* Task brief: Please repeat every record below exactly as written, but leave out the pictures.

--------------------------------

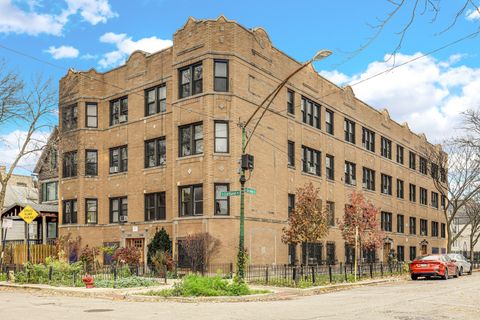 A home in Chicago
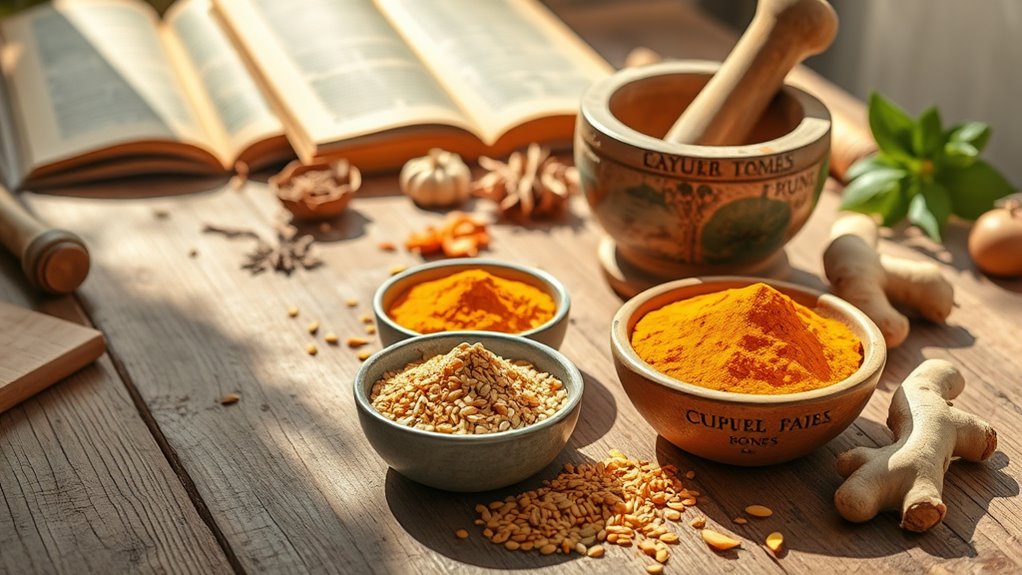 eat warm nourishing foods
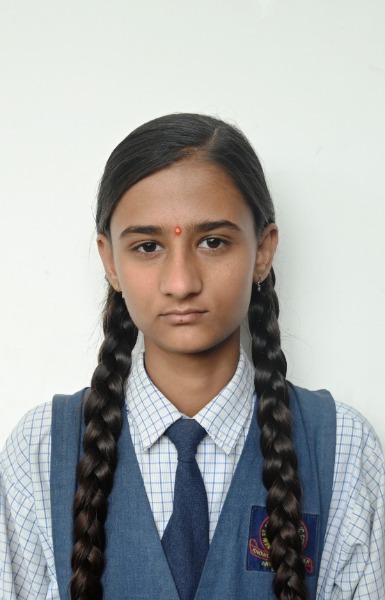 AMRITA PARMAR 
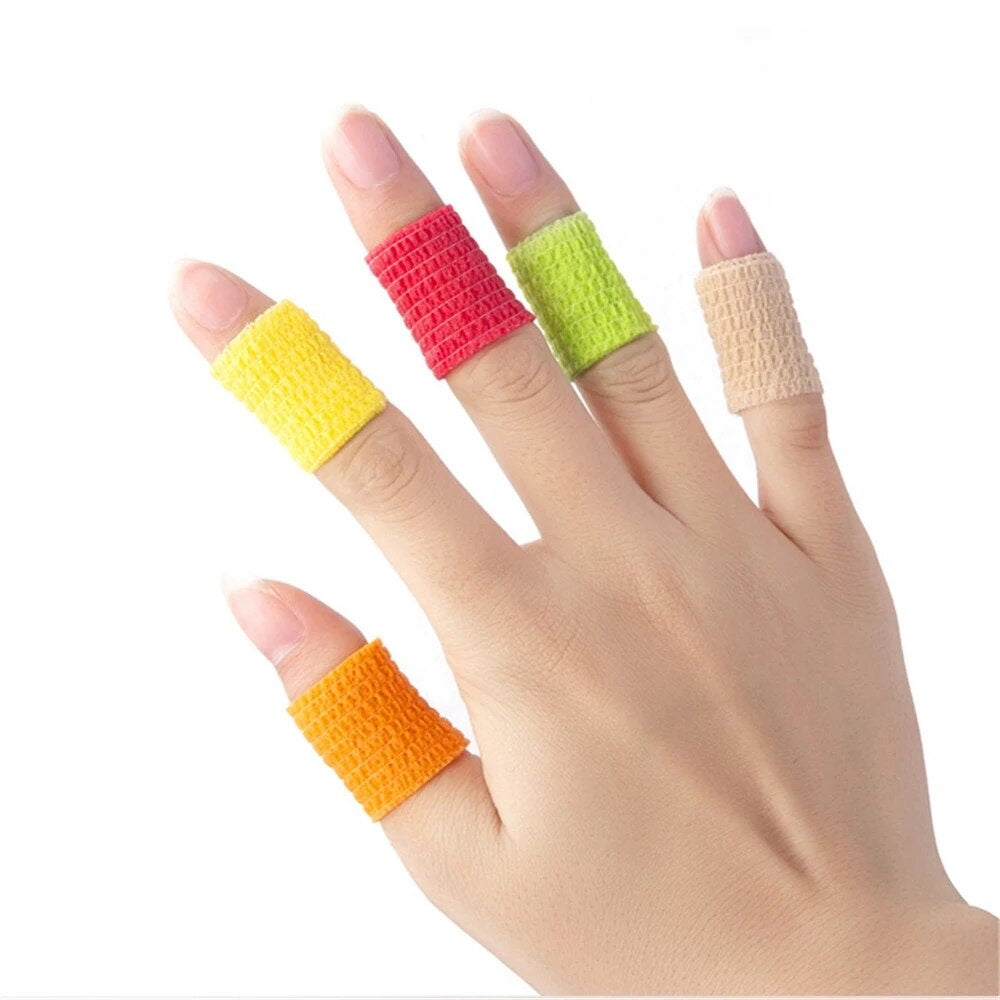ANEKA - Finger Tape / Plester Pelindung Jari / Perban Jari / Wrist Tape Protective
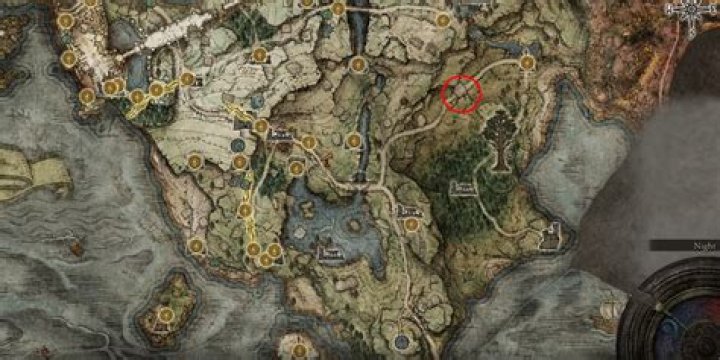 Elden Ring Kenneth Haight Location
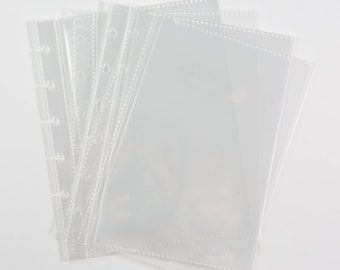 Discbound Photo Album  - ADDITIONAL 4X6 PAGES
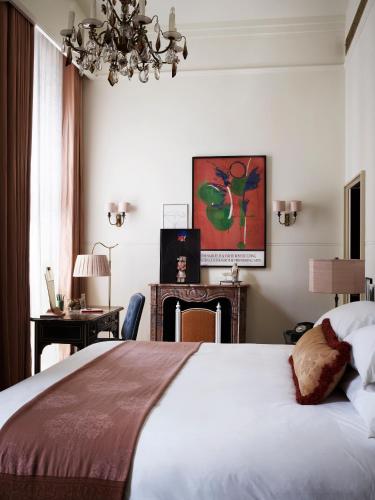 Suite Royal Ópera del hotel NoMad London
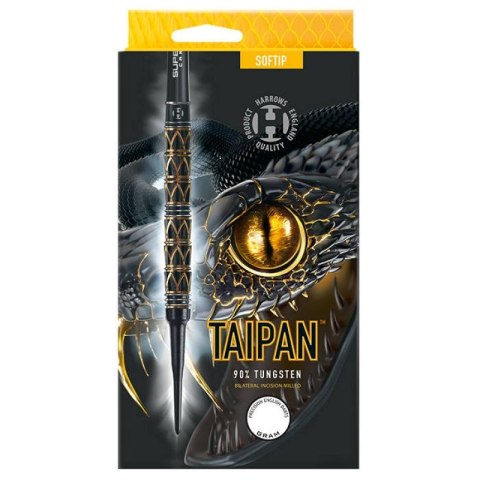 Rzutki Harrows Taipan 90% Softip HS-TNK-000016031 Harrows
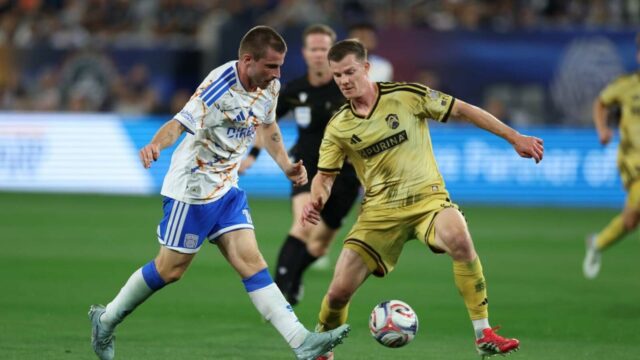 Anders Dreyer, San Diego zostane perfektné, zatvorte St. Louis City Anders Dreyer, San Diego zostane perfektné, zatvorte St. Louis City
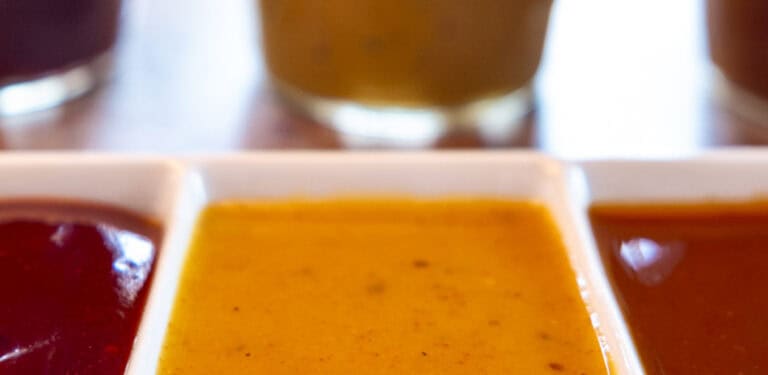 CBW “Q” Sauces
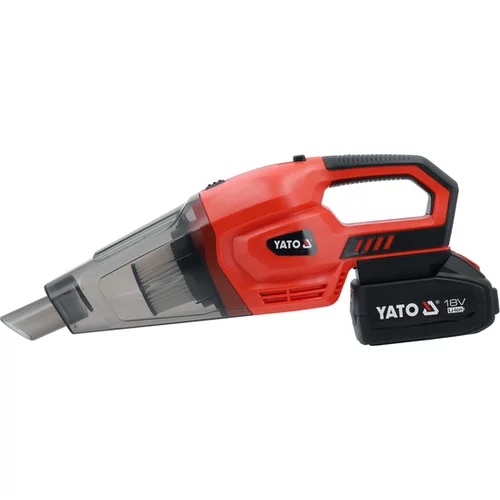 VYSÁVAČ 18V ​​(4AH;9KPA) /YATO/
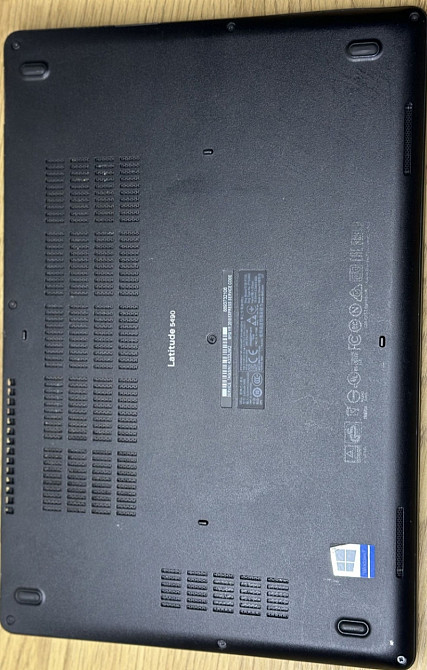 Ноутбук DELL 5490 14" FULL HD IPS, 12Gb. RAM , SSD 256Gb. Київ - фото 1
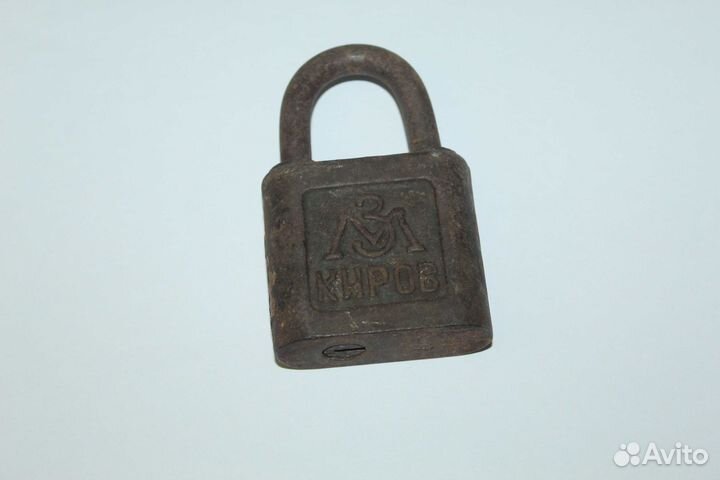 Замок навесной зми Киров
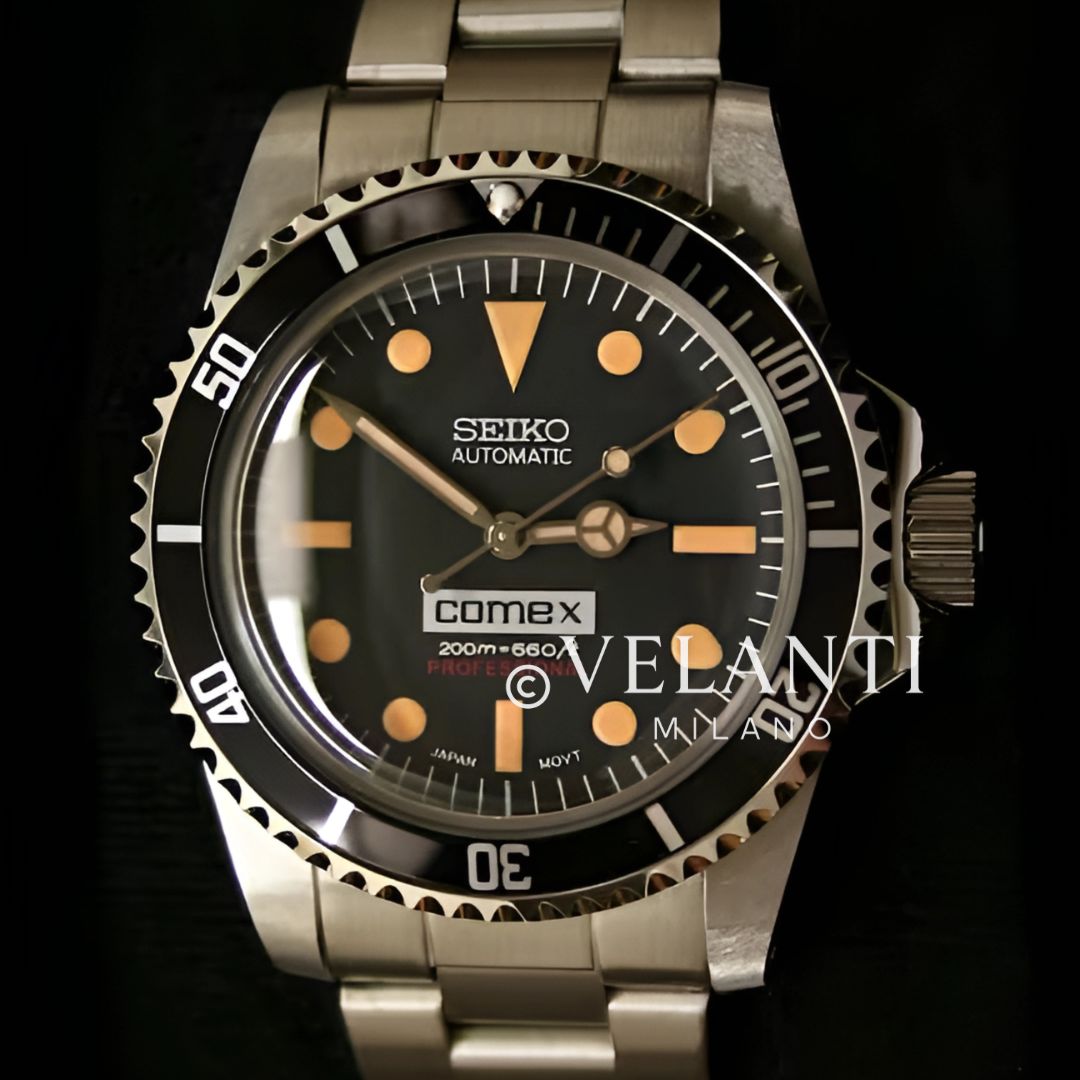 Seikomariner | Vintage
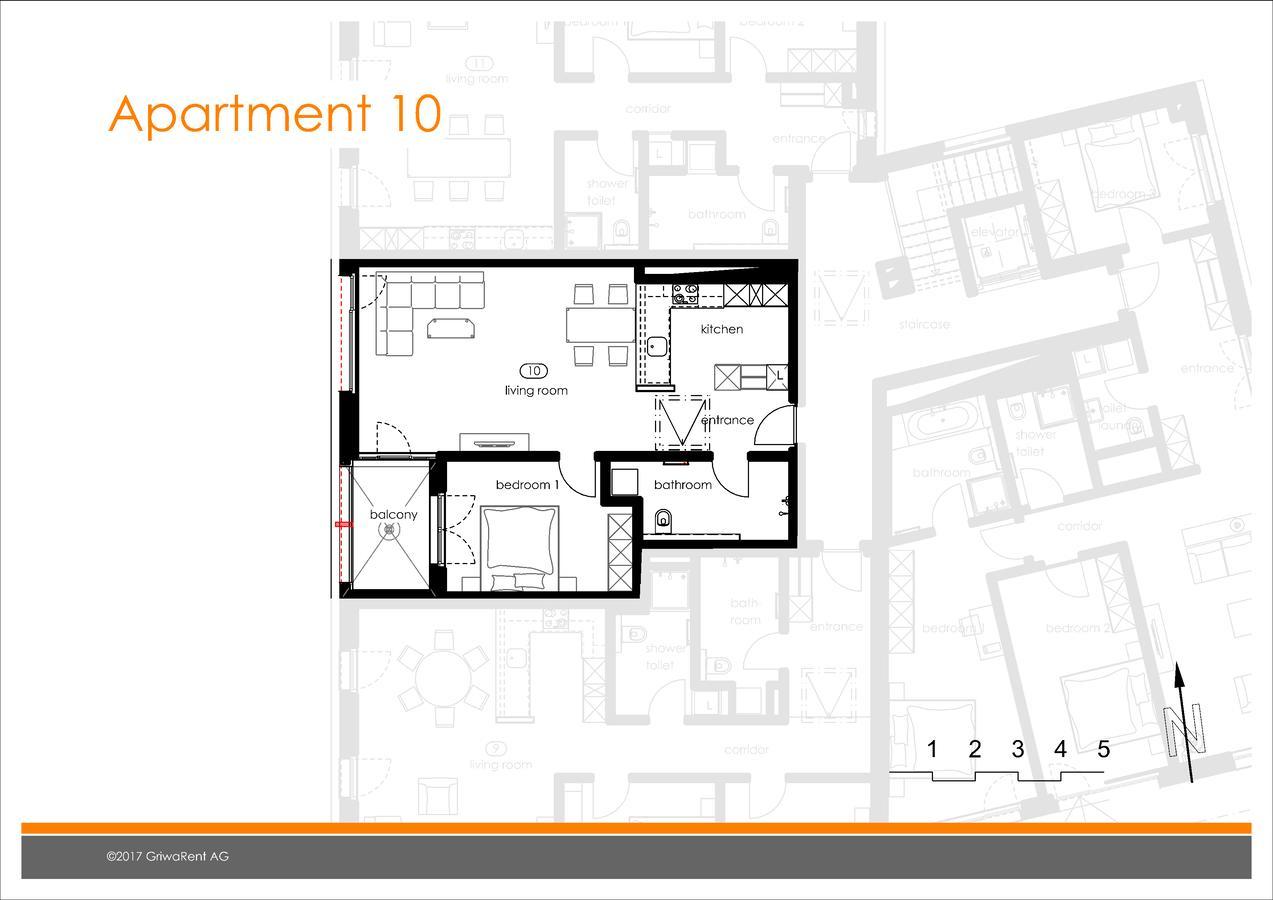 Apartment Arnika - Griwa Rent Ag Interlaken Exterior photo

--------------------------------

* Result of this task:
 A home in Chicago
 eat warm nourishing foods
 AMRITA PARMAR 
ANEKA - Finger Tape / Plester Pelindung Jari / Perban Jari / Wrist Tape Protective
 Elden Ring Kenneth Haight Location
 Discbound Photo Album  - ADDITIONAL 4X6 PAGES
 Suite Royal Ópera del hotel NoMad London
 Rzutki Harrows Taipan 90% Softip HS-TNK-000016031 Harrows
 Anders Dreyer, San Diego zostane perfektné, zatvorte St. Louis City Anders Dreyer, San Diego zostane perfektné, zatvorte St. Louis City
 CBW “Q” Sauces
 VYSÁVAČ 18V ​​(4AH;9KPA) /YATO/
 Ноутбук DELL 5490 14" FULL HD IPS, 12Gb. RAM , SSD 256Gb. Київ - фото 1
 Замок навесной зми Киров
 Seikomariner | Vintage
 Apartment Arnika - Griwa Rent Ag Interlaken Exterior photo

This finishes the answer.